__Assigned task__
In the listing that follows, retype every line from the first through the one containing "butchers photography project". Pictures are to be left out.

__Data to examine__
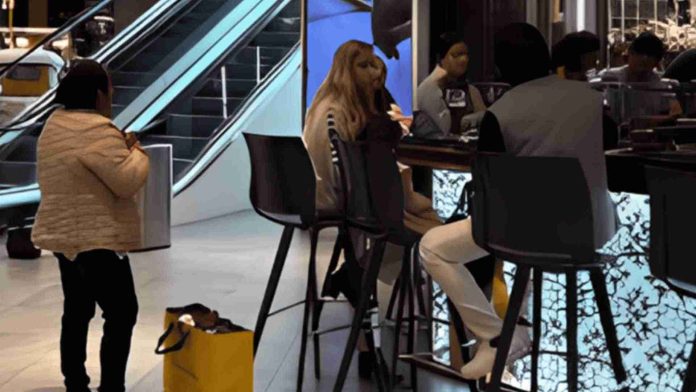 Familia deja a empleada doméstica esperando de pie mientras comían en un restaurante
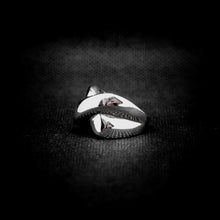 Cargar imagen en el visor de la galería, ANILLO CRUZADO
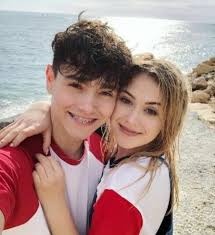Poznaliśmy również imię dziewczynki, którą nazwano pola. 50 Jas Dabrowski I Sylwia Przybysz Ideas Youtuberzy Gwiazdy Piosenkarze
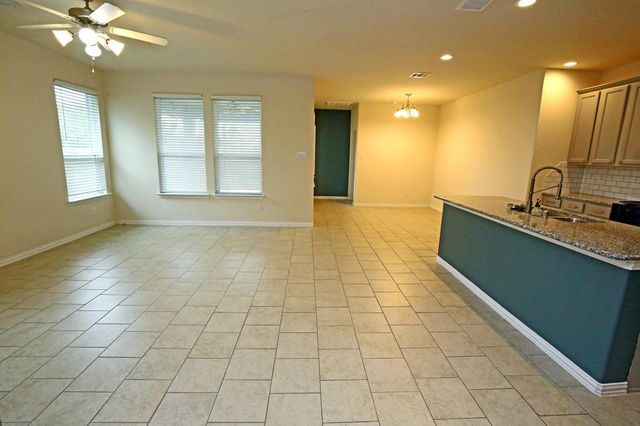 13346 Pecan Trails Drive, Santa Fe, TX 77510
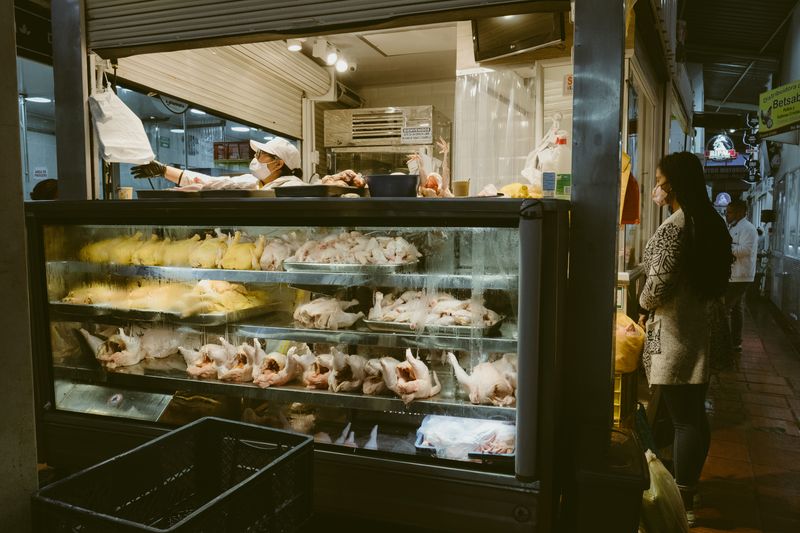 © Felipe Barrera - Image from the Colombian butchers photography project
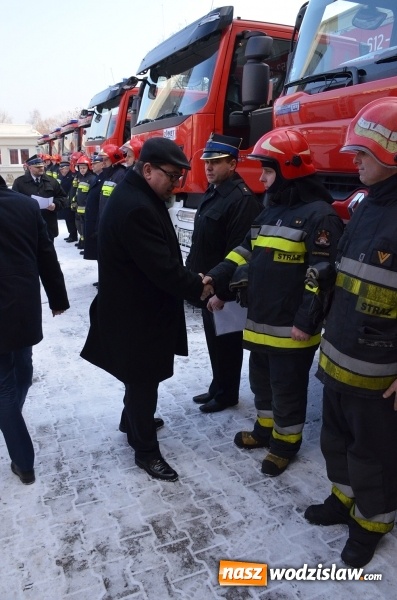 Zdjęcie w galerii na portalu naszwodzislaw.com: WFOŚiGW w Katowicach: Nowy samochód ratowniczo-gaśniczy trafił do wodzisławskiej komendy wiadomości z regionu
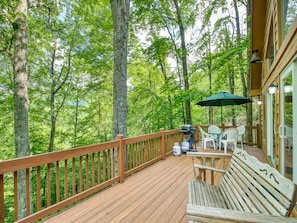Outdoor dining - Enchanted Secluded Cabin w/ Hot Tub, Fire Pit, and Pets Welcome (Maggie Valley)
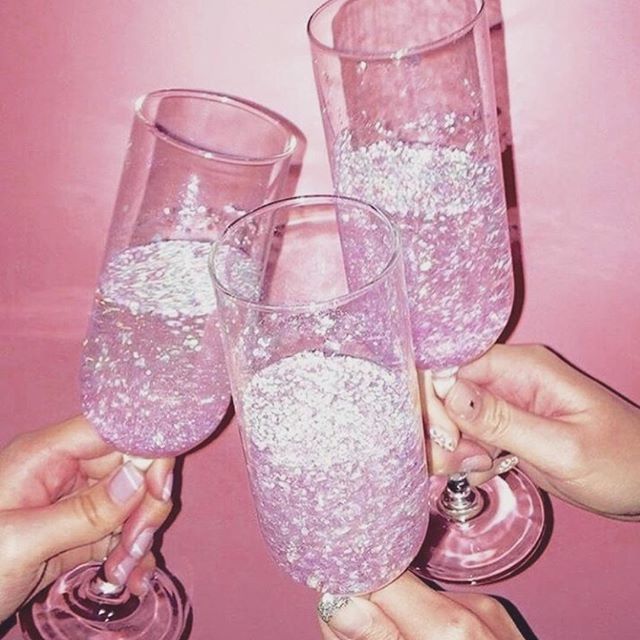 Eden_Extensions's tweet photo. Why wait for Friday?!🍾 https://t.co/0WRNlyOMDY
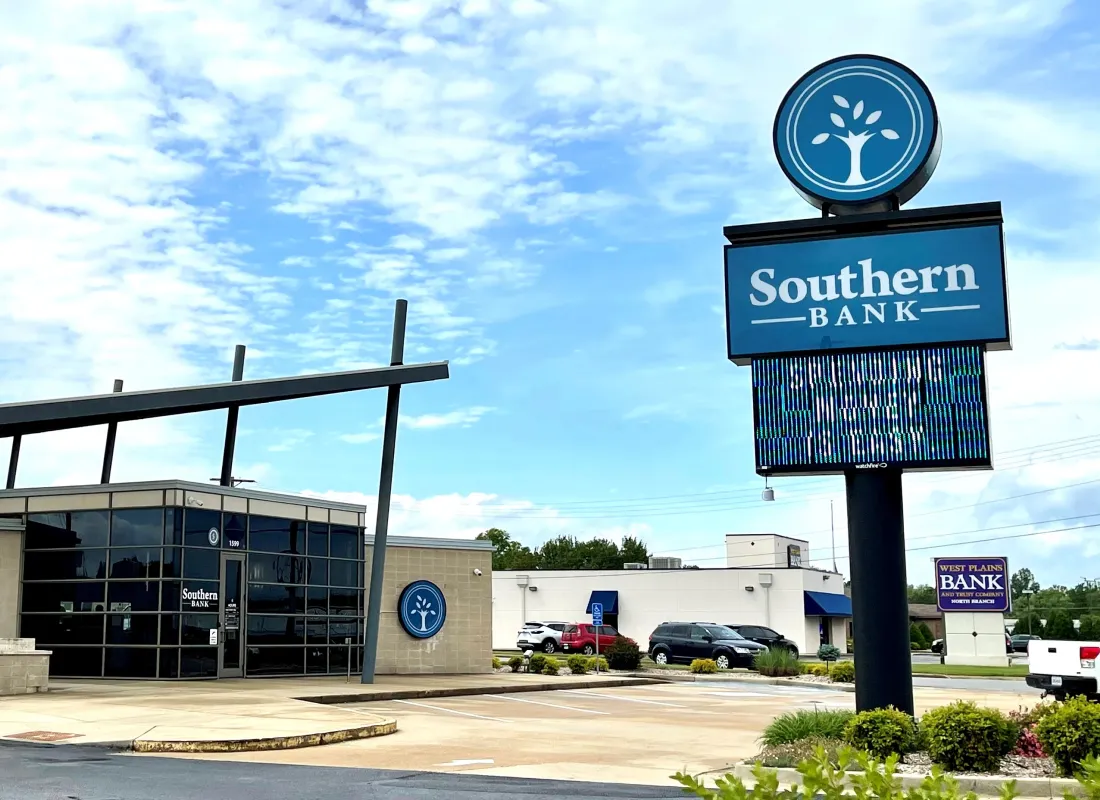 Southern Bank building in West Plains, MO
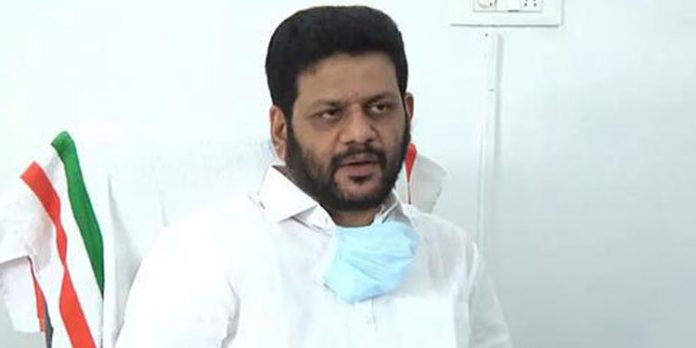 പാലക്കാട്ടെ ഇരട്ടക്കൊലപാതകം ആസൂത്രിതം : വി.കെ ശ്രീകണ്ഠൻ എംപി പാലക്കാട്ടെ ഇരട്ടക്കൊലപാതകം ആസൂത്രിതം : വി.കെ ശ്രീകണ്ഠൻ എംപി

__Problem solution__
 Familia deja a empleada doméstica esperando de pie mientras comían en un restaurante
 Cargar imagen en el visor de la galería, ANILLO CRUZADO
Poznaliśmy również imię dziewczynki, którą nazwano pola. 50 Jas Dabrowski I Sylwia Przybysz Ideas Youtuberzy Gwiazdy Piosenkarze
 13346 Pecan Trails Drive, Santa Fe, TX 77510
 © Felipe Barrera - Image from the Colombian butchers photography project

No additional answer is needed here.